The 2002 census recorded 535,140 Roma (2.5 per cent of the total population) but other estimates such as the European Commission (2004) and UNHCR (2004) both put the Roma as numbering between 1,800,000 and 2,500,000. Sixty per cent of Roma speak Romani and/or Romanian, the remainder Hungarian, German, Turkish or Bulgarian. Most Roma in Romania are Orthodox Christians, but some are Catholic or Protestant.
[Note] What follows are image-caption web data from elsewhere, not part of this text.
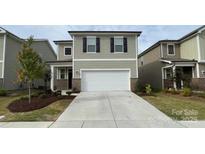 Two-story home with neutral siding, black shutters, two-car garage, and a well-maintained lawn at 3033 Eastcott Ave, Monroe, NC 28110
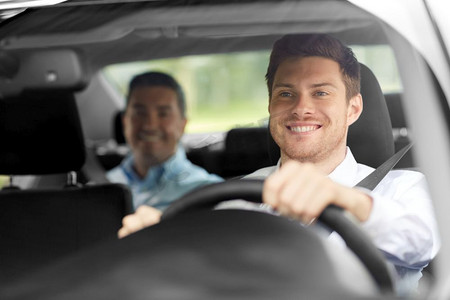 交通、人和出租车概念—快乐的微笑男司机驾驶汽车与乘客。男出租车司机驾驶汽车与乘客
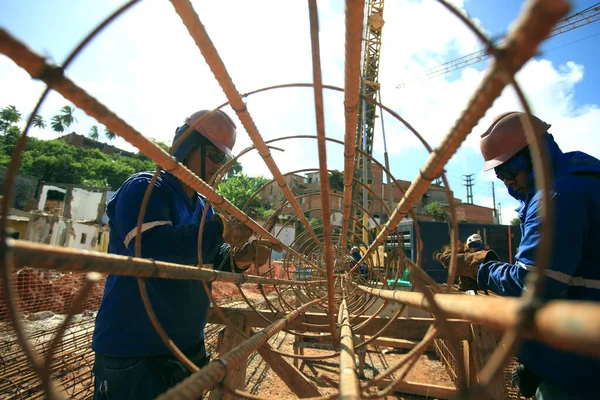 salvador, bahia, brazil - march 23, 2017: Workers working on construction of a bus station in Salvador city.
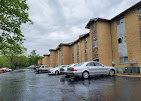 Modern apartment building exterior, representing a high-quality residential choice and access to amenities when Living in West Kansas City KS.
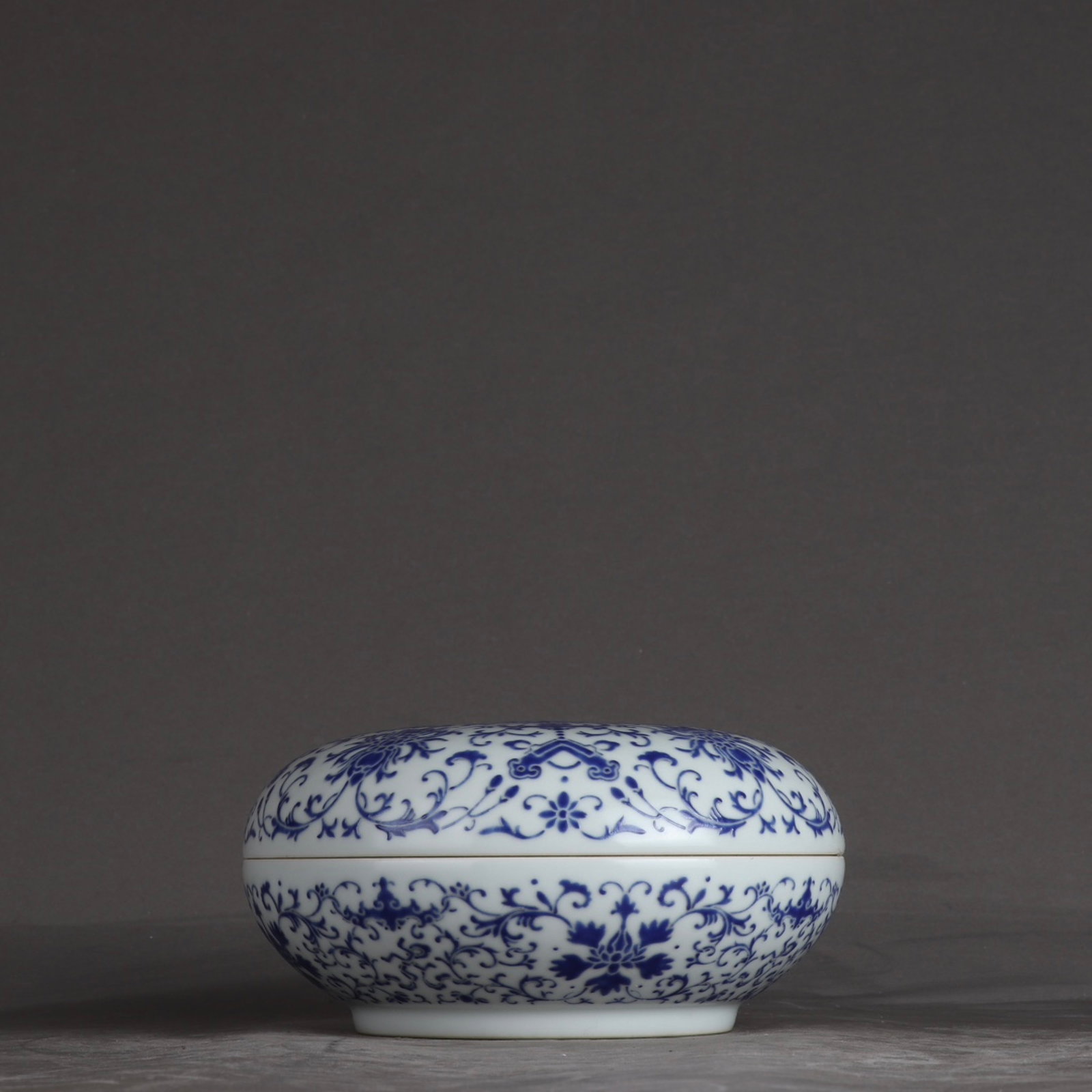 An Exquisite Enamel Lotus Pattern Box: An Exquisite Enamel Lotus Pattern Box,Qing Dynasty,China,Qianlong Six-character Mark,Size:3.3inx6.3in 珐琅彩缠枝莲纹盒,中国清代,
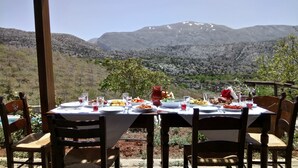 A table set for a meal with a mountain view in the background. - A traditional mountain gîte with swimming pool and local cuisine! (Κρουσώνας)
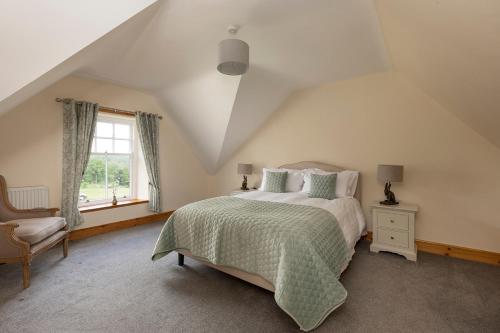 a bedroom with a bed and a chair and a window at Drumlanrig Mains Cottage in Thornhill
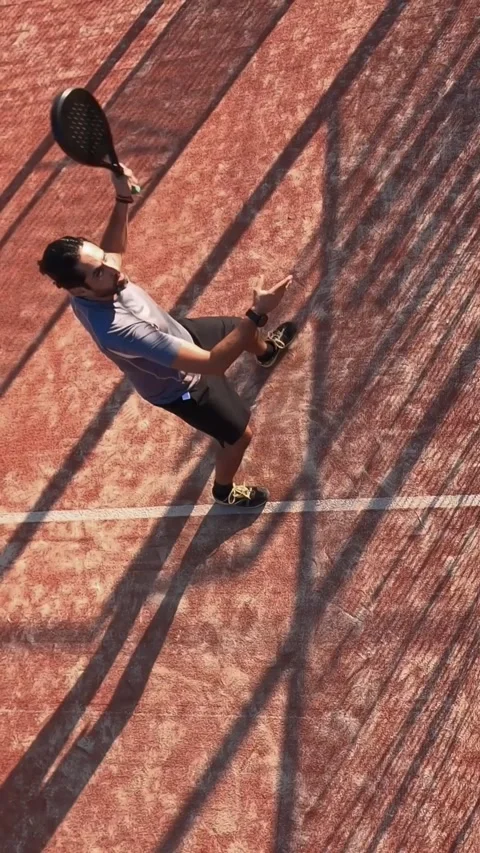 Top view of a man learning to play paddle tennis on an outdoor court. Stock Footage 310104297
Roma remain under-represented at national and local levels, but EU integration and the engagement of domestic and international civil society organizations have kept their problems on the Romanian agenda. An important development remains the Decade of Roma Inclusion, initiated by the World Bank, the Open Society Institute and the Hungarian government in summer 2003, to which the Romanian government has signed up. It is set to run from 2005 to 2015 and has four priority areas: education, employment, health and housing, and two cross-cutting areas, gender and non-discrimination. To date, however, the record been mixed. In 2005 the government estimated that around 50,000 Roma lacked identity documents, which made efforts to tackle such problems as inadequate housing and unemployment that much more difficult. A new National Employment Plan, approved in August 2006, provided targeted action for minorities, including Roma, and the administrative capacity of the National Agency for Roma improved in 2006 as regional offices were being developed. However, implementation is slow and the social inclusion of the Roma remains a problem; overall living conditions are still inadequate; unemployment of Roma remains high; police abuse against Roma is a persistent problem; many Roma children still face de facto segregation at school, and forced evictions continue.
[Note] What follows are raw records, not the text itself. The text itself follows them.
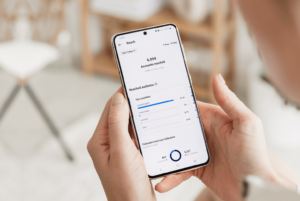 a person holding a phone and tracking social media metrics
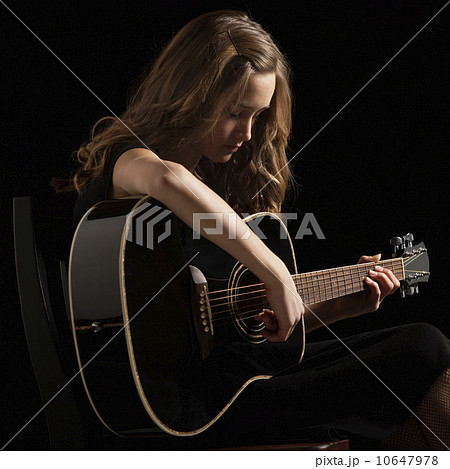 Young woman playing guitar 10647978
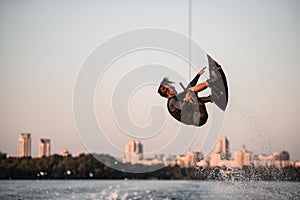 active strong man rider holds rope and skilfully making extreme jump showing trick on wakeboard.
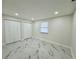 Clean bedroom features marble tile floors, white walls and new closet doors at 390 Hazel Cir, Punta Gorda, FL 33982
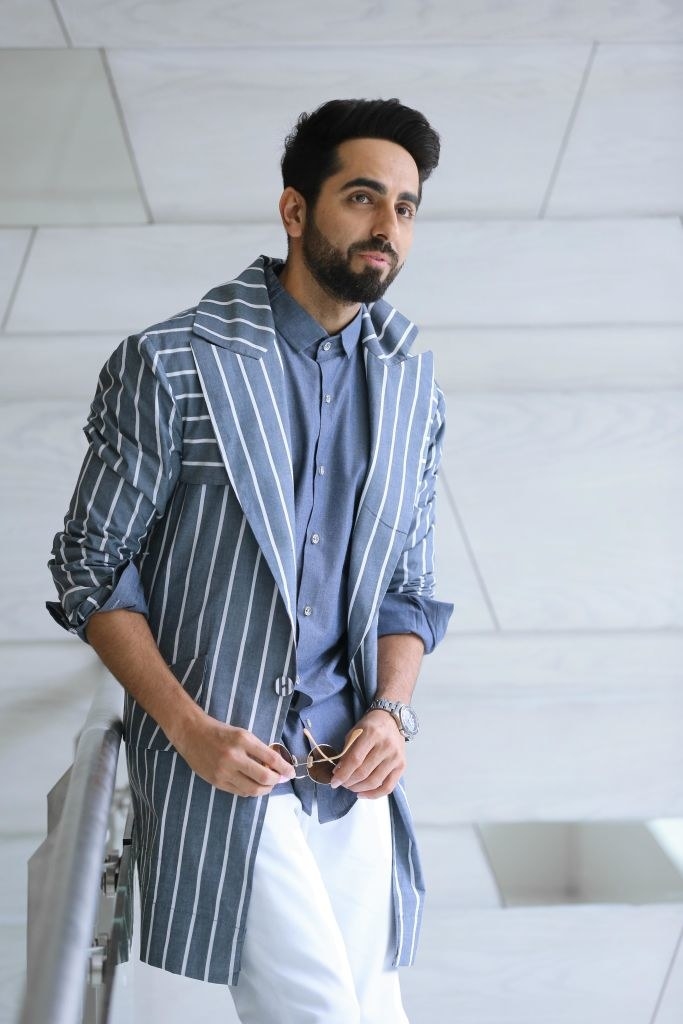Ayushmann Khurrana wearing a pinstriped jacket, poses with his sunglasses in his hands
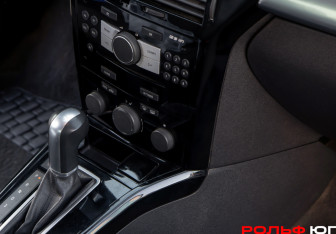 Подержанный автомобиль Opel Astra Sedan 2011 года (13 фото)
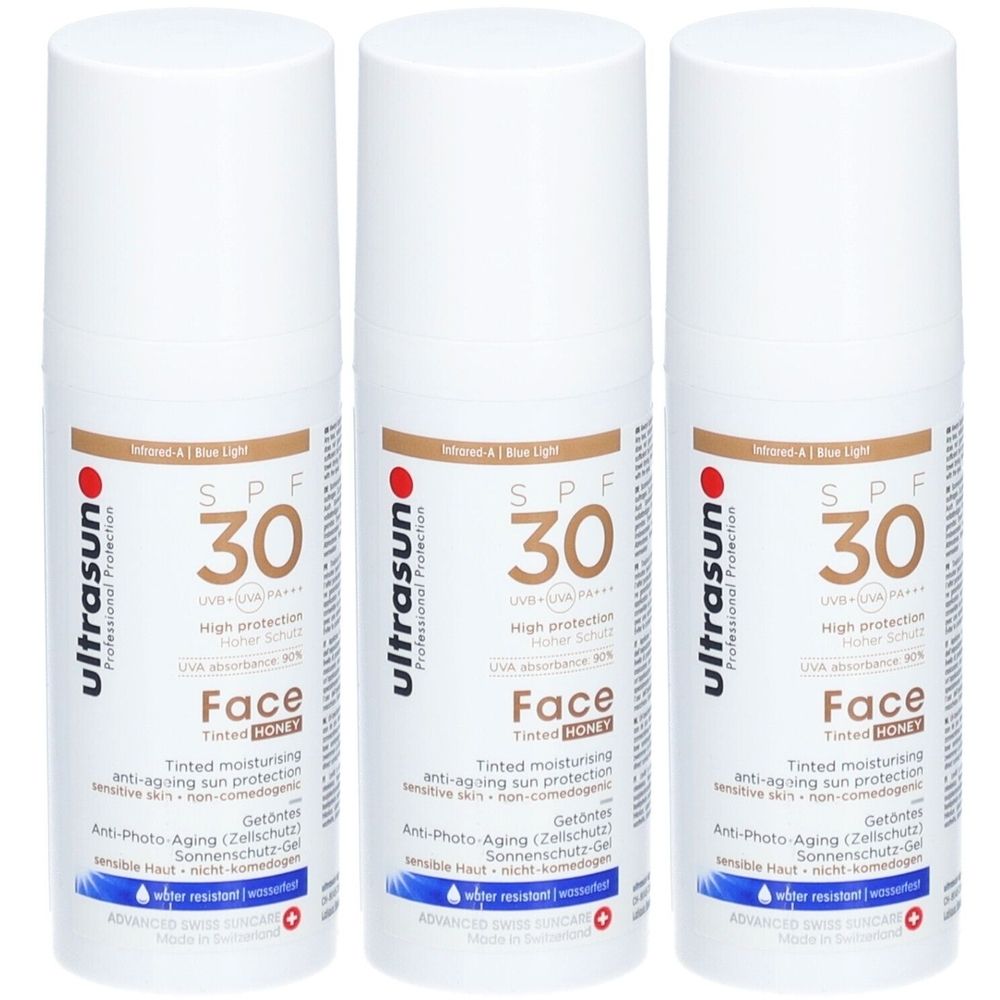Drei weiße Flaschen mit braunen Etiketten. Aufschrift: SPF 30, Face, HONEY. Marke: Ultrasun.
In 2007, Romania's most senior officials offered reminders of the deep hostility towards Roma that still permeates much of Romanian society. In May 2007, President Traian Basescu called a reporter ‘a stinky Gypsy', a comment judged defamatory by the National Council for the Fight against Discrimination. Then in July, Prime Minister Calin Popescu Tariceanu was reported to have made remarks generalizing Roma as criminals.